Tesla on track to make profits while coronavirus hit auto industry hardly

Tesla Inc on Wednesday came posting quarterly profits at a time when some of major auto makers are reporting losses.

Though Tesla succeeded to post third-in-a-row quarterly profit but did not provide full year guidance saying it impossible to provide when deliveries are being hurt by novel coronavirus and lockdown orders.

Tesla’s pricing strategy in current quarter and rest of the year will be an important test for the electric car maker to decide how durable its performance is. By keeping its losses lesser or even remain making profits and better in competing with legacy automakers would help Tesla getting stronger position to grab the more of the business from rivals which they have been losing because of disruption created by the virus outbreak.

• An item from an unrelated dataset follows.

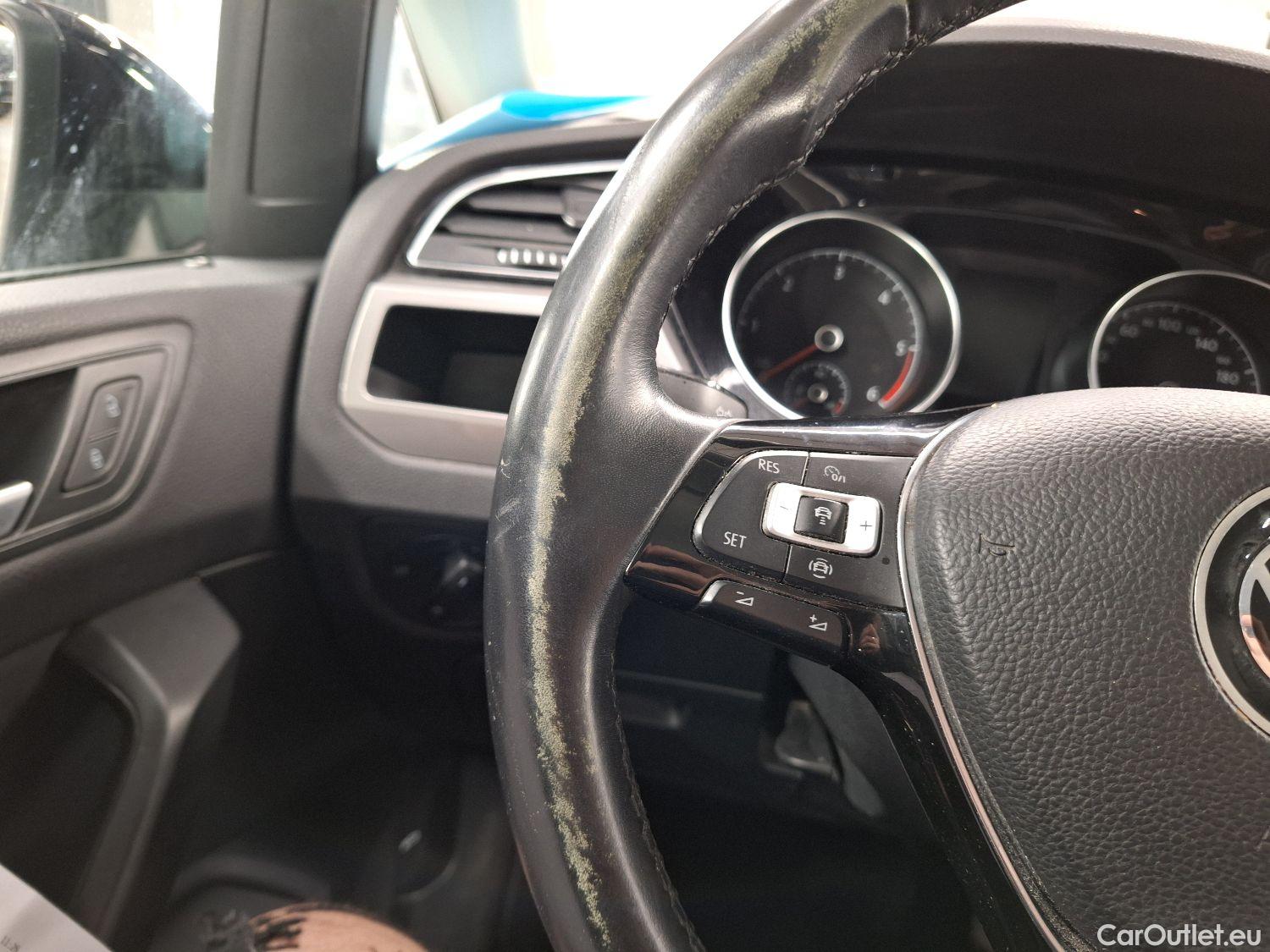  Volkswagen  Touran VW,  '15, Volkswagen  2.0 TDi 85kW Trendline DSG 5d 7pl #69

Tesla come clean in saying that at the moment it could not say anything about how much time it will be taking vehicle manufacturing and global supply chains in coming back to routine, but said it will share full-year guidance for cash flow and net income at the time of reporting results of current quarter.

In its previous forecast, Tesla has shred estimates of being delivering about 500,000 vehicles by the end of this year, but in Wednesday briefing it did not tell anything about that delivery forecast. However, company’s this January prediction of continue posting positive net income and positive cash flow came true, at least for the reported quarter.

The company was optimistic about gradually resuming productions at its facilities in Fremont, California and in Shanghai, China through second quarter.

At a time when vehicle manufacturing in the United States went through an almost halt in March, Tesla came up describing progress of its Shanghai plant as better-than-expected, with expectations of manufacturing 4,000 units per week of its Model 3 sedan, or 200,000 units per year by June this year.

For the first quarter, Tesla posted excluding-item profit of $1.24 per share while analysts were expecting it to be a loss of 36 cents per share.